How is Air Traffic Controller distributed across the route of an aircraft?
After takeoff, once the aircraft is 5 miles away from the airport, the supervision of the aircraft is handed over to the Air Traffic Controller for a given zone, which oversees flights passing through a zone, and gives instructions to the pilot as the aircraft passes through the Centre’s airspace. Aircrafts coordinate with various such Centres over the course of its flight. There are highways in the sky. They are called jet routes, and ATC uses them to separate planes by a certain distance or altitude (generally around 1,000ft vertically) and adjusts them to control traffic flow.
How are flights allocated altitude for their flight?
For most airplanes, the ideal altitude is anything between 30,000 – 40,000 feet. Every aircraft model has a particular cruising altitude where it is most economical to operate as a function of its weight. Airline dispatchers are employed by carriers to control the planning and execution of their airline’s flights – keeping track of where they are, where they are going, their fuel/weight, as well as assigning them specific routes. Most importantly, they calculate a flight’s ideal altitude and request it from Air Traffic Control, who tries to accommodate the request when giving the pilot clearance to take off.
What systems are used to ensure the safety of flights?
There are a number of aids available to pilots, though not all airports are equipped with them. A visual approach slope indicator (VASI) is a group of lights that help pilots land based on the slope of the runway. Some airports are equipped with a VHF omnidirectional range (VOR) to help pilots find the direction to the airport.
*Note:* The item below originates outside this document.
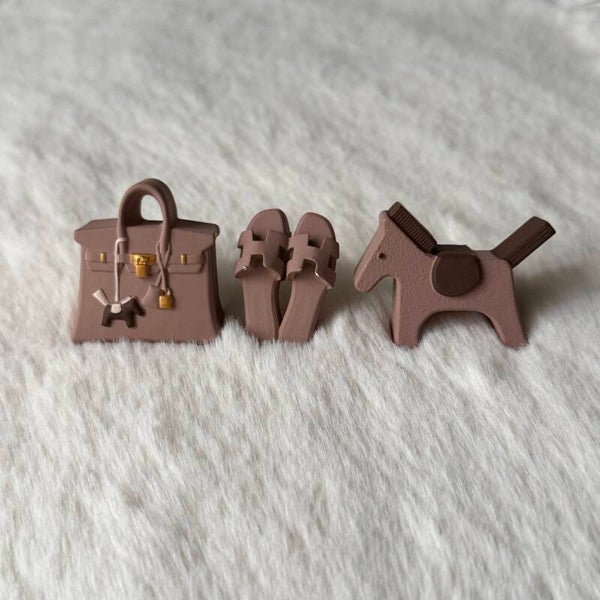 Charms | Nude cream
VORs are often accompanied by a distance measuring equipment (DME) to determine the distance to the VOR. VORs are also located off airports, where they serve to provide airways for aircraft to navigate upon. In poor weather, pilots can use an instrument landing system (ILS) to find the runway and fly the correct approach, even if they cannot see the ground.
Do you fear turbulence in aircrafts?
More than 80% of people report being afraid of flying to some degree so we thought we should tell you more about turbulence. Turbulence during flights is very normal. Every flight, every day, will encounter some degree of rough air. From a pilot’s perspective, usually turbulence is seen as a comfort and convenience issue, not a safety issue per se. It is uncomfortable, but it is not dangerous. Let us read about what causes air turbulence. Clean Air Turbulence (CAT) is the most common turbulence. Air moves horizontally like a snaking river called the ‘jet stream’. This jet stream can be thousands of miles long. Pilots either try to avoid such air pockets or use their energy to cut fuel costs – this air can flow up to 250 mph. Mixing of air causes turbulence when jet stream interacts with slow-moving air.
Ever wondered why Aircraft Windows are round?
As the altitude of the plane increases, the external atmospheric pressure lowers more than the internal cabin pressure. This creates a pressure difference between the inside and outside of the plane. Hence the plane expands. When material expands, stress is created in the material. If the stress increases it can cause breakage at one point. Square windows have four potential weak spots of such stress that gets concentrated in these places – the corners, making them likely to crash under stress caused by air pressure. By curving the window, the stress that would eventually crack the window corner is distributed and the likelihood of it breaking is reduced.